### INPUT DATA ###
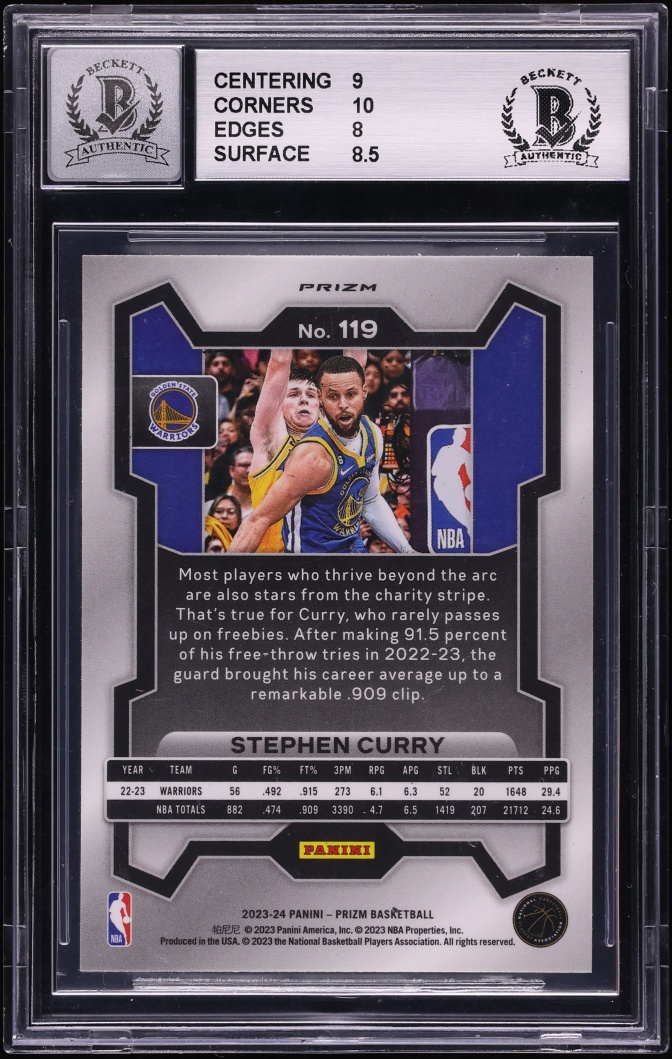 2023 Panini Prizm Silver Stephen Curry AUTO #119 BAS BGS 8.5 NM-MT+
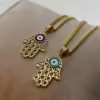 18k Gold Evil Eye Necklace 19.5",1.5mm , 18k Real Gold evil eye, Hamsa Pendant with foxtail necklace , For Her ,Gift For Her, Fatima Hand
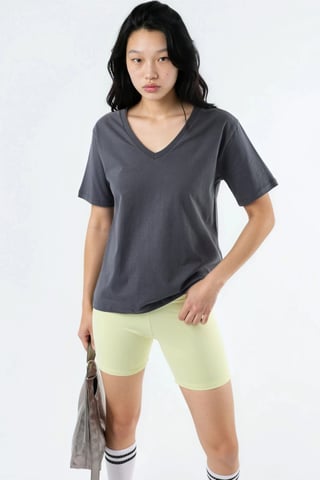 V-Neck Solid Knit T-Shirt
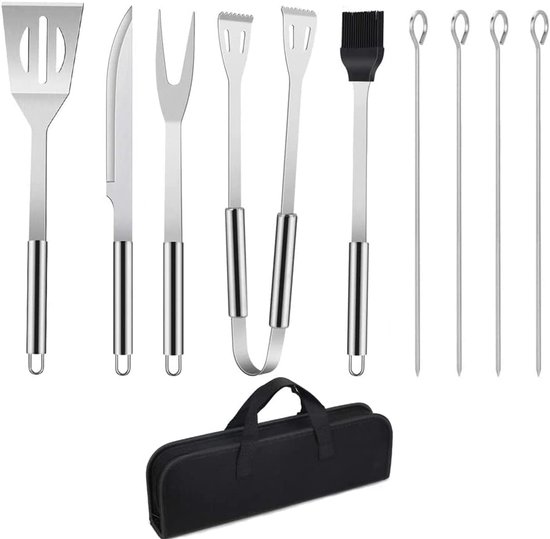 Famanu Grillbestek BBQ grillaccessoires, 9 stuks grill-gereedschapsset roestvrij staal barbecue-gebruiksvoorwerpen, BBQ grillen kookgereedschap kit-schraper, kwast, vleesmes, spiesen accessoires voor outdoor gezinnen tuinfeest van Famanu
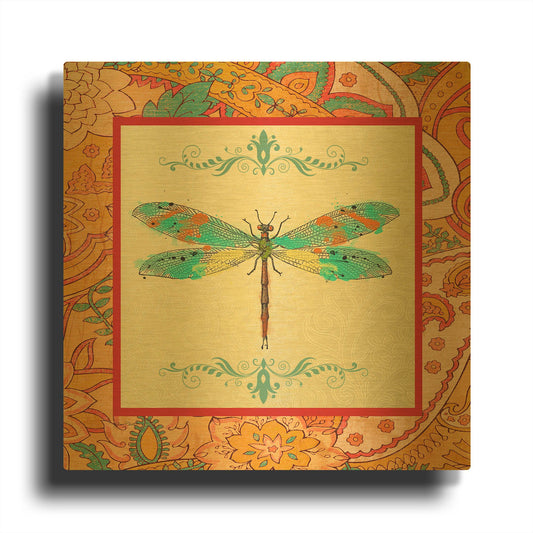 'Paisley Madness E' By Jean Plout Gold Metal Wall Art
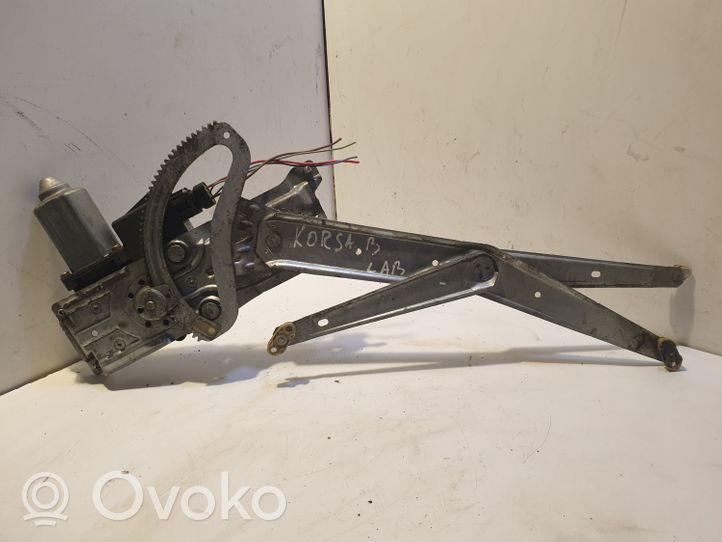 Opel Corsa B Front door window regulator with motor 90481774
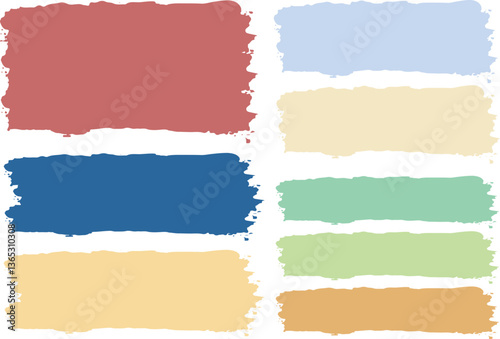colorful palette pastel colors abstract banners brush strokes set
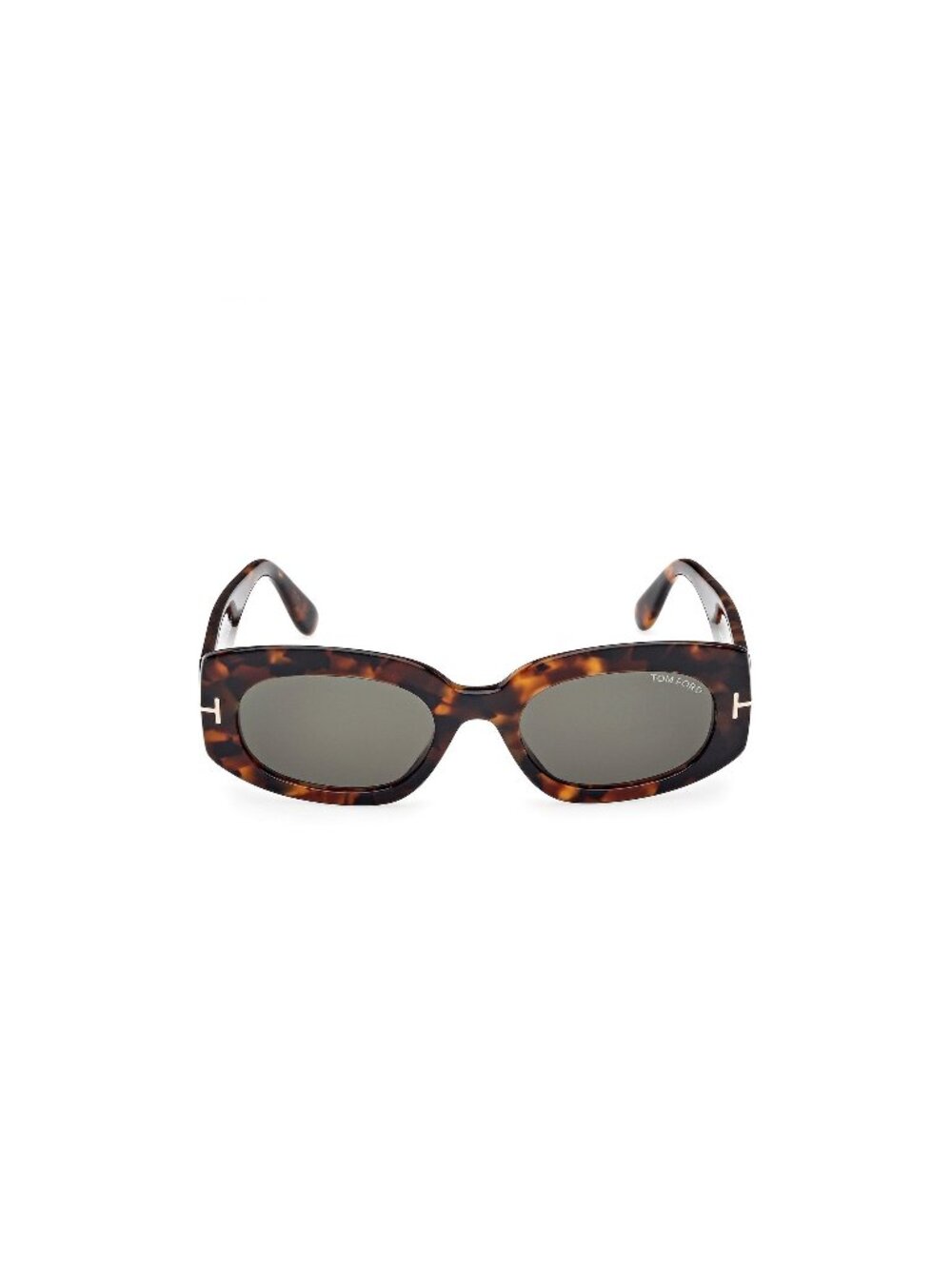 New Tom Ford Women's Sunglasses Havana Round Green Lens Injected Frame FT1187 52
###
## WHAT IS EXPECTED:
Extract the run of lines beginning with the line that holds "Famanu Grillbestek BBQ" and ending at the last line of the data, inclusive. Exclude any pictures from the copy.

## ANSWER SPACE:
 Famanu Grillbestek BBQ grillaccessoires, 9 stuks grill-gereedschapsset roestvrij staal barbecue-gebruiksvoorwerpen, BBQ grillen kookgereedschap kit-schraper, kwast, vleesmes, spiesen accessoires voor outdoor gezinnen tuinfeest van Famanu
 'Paisley Madness E' By Jean Plout Gold Metal Wall Art
 Opel Corsa B Front door window regulator with motor 90481774
colorful palette pastel colors abstract banners brush strokes set
 New Tom Ford Women's Sunglasses Havana Round Green Lens Injected Frame FT1187 52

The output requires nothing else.